This is the story of how Canadian authorities suck up to a powerful industry that has a track record of bad behaviour, how public servants who get in the way are punished, and how the watchdog that’s supposed to investigate suspected wrongdoing is turning a blind eye.

Canada’s Integrity Commissioner Mario Dion, who is responsible for protecting government whistleblowers and investigating their allegations of wrongdoing, recently referred his third case to the Public Servants Disclosure Protection Tribunal created to examine alleged reprisals against whistleblowers.

This flurry of activity might suggest that Dion, successor to the disgraced former commissioner Christiane Ouimet, is hot on the trail of wrongdoers and vigorously protecting his witnesses.

But to informed observers Dion seems an ineffective watchdog, in full pursuit of inconsequential cases that make it appear that he is doing something—without rocking the boat or embarrassing the senior officials who picked him for this job.

Health Canada drug approvals

The story begins in 1998 when three scientists testified to the Senate that Health Canada was pressuring them to approve drugs of unproven safety, including Monsanto’s bovine growth hormone, a product designed to boost the milk production of dairy cattle. The scientists’ testimony made headlines around the world and resulted in the hormone being banned in most developed countries.  For this courageous act, which helped protect the health of millions, Dr. Shiv Chopra, Dr. Margaret Haydon, and Dr. Gérard Lambert are internationally recognized as heroes.

In spite of Health Canada’s humiliation before the Senate, there seemed to be little change in how it operated and in 2002 the scientists approached a newly-created whistleblower watchdog, the Public Sector Integrity Officer (PSIO), hoping to have their concerns properly investigated by an independent agency. But this would never happen, and in 2004 the department fired all three simultaneously on grounds of “insubordination.” They had continued to question the approval of potentially unsafe products up to the very end.

The industry

These events would be of little importance if the scientists’ concerns were misplaced, but regrettably they seem all too credible. Given the track record of the pharmaceutical industry, it seems not only possible but very likely that they are right.

The pharmaceutical industry is considered by some to be the tobacco industry of the 21st century by virtue of its similar business practices. In its pursuit of ever-greater profits it uses its vast resources to influence every aspect of the healthcare system, often using unethical and illegal methods. Like many of its peers, Pfizer, the world’s largest drug company, is a convicted felon in the United States. Since 2004, it has paid $2.75-billion in criminal fines and penalties, including $2.3-billion for fraudulently marketing Bextra and three other drugs. Although repeatedly prosecuted in the U.S. and other countries, in Canada these companies seem to get a free pass.

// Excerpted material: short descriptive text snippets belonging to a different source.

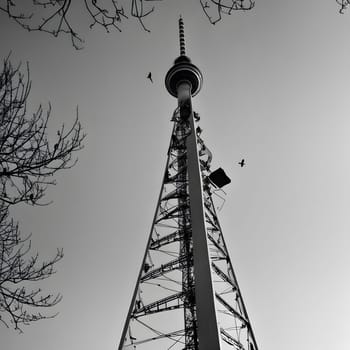 high television tower for communication and distribution of signals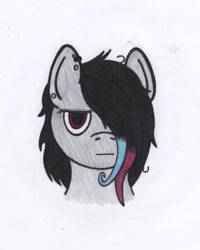 Size: 1254x1566 | Tagged: safe, artist:ask-flash-bulb, oc, oc only, pony, bust, female, hair over one eye, mare, portrait, solo, traditional art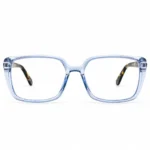 Light sky blue transparent square eyeglasses frame, front view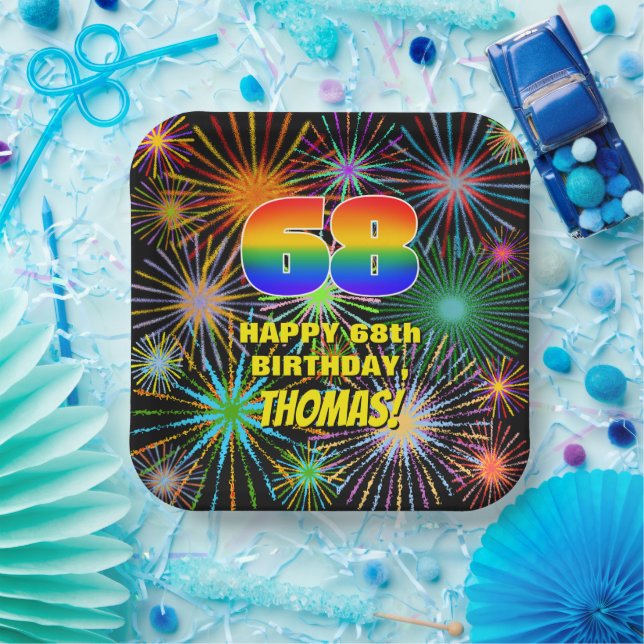 68th Birthday: Colourful, Fun Celebratory Firework Paper Plate (Party)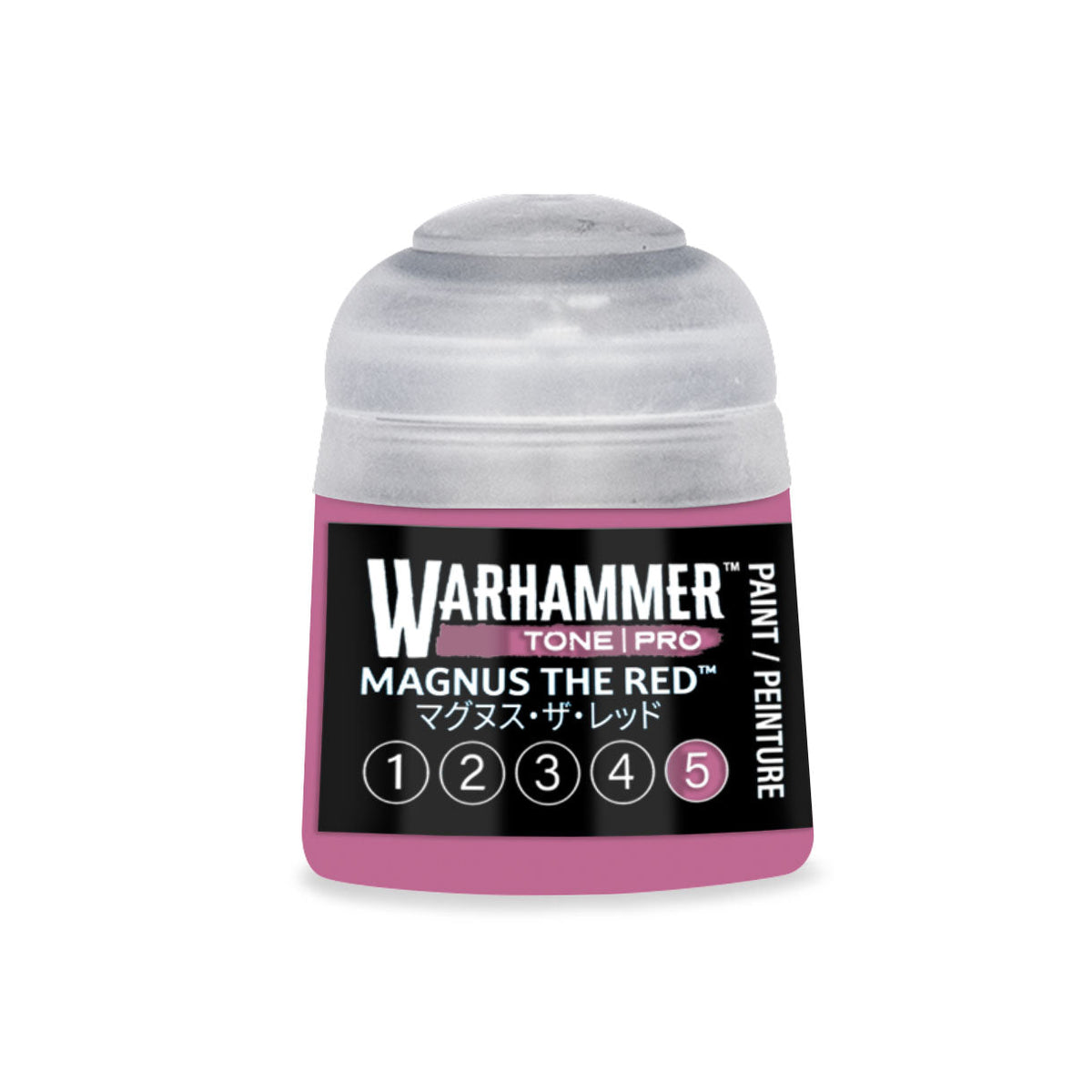 A pink Warhammer Tone Pro paint bottle labeled Magnus the Red with a clear cap and black white text label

The industry’s clout here was on public display in 2009 when the government appointed Dr. Bernard Prigent, vice-president and medical director of Pfizer Canada, to the governing council of the Canadian Institutes for Health Research. The council has a $1-billion-a-year budget and funds the work of thousands of researchers across Canada. More than 3,700 people, including several prominent ethicists and researchers, signed a petition calling for withdrawal of the appointment, but the government refused, claiming that it could see no conflict of interest.

Health Canada no doubt also pleased the industry when it fired the scientists, then quickly rubber-stamped seven approvals that they had been blocking, including the release of Baytril for veterinary use. This is a highly-controversial decision.  Studies suggest the overuse of antibiotics on factory-farmed animals is the main source of deadly new antibiotic-resistant strains of diseases such as E. coli. By approving Baytril, Health Canada may have put at risk our last line of defence against some of these superbugs, with potentially catastrophic implications for public health, both in Canada and internationally.

The watchdogs

Canada has had a series of whistleblower watchdogs since 2001, all charged with investigating allegations of government misconduct. How could such serious concerns about Health Canada’s actions be ignored?

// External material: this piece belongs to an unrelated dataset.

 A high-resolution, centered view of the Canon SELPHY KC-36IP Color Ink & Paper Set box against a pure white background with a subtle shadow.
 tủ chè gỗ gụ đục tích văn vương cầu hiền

The first watchdog, the Public Sector Integrity Officer (PSIO), lacked the necessary powers.  PSIO conducted an investigation that was inadequate, and which the scientists challenged by applying for a judicial review. The judge ordered PSIO to investigate properly. At this point the Public Sector Integrity Commissioner (PSIC), a new whistleblower watchdog with greater powers, was appointed and took over the case—which was by then already more than four years old.

But commissioner Christiane Ouimet would never find any wrongdoing during her three-and-a-half years in office. She sat on this particular case for 29 months before deciding not to investigate. She ruled that the alleged actions could not be wrongdoing—even though they seemed to violate the Food and Drugs Act and hence criminal law—because, she asserted, they were ‘policy decisions’. Using this distorted interpretation of the whistleblower legislation, virtually any crime that involves senior officials can be declared a policy decision, whereupon PSIC cannot investigate and the perpetrators become untouchable.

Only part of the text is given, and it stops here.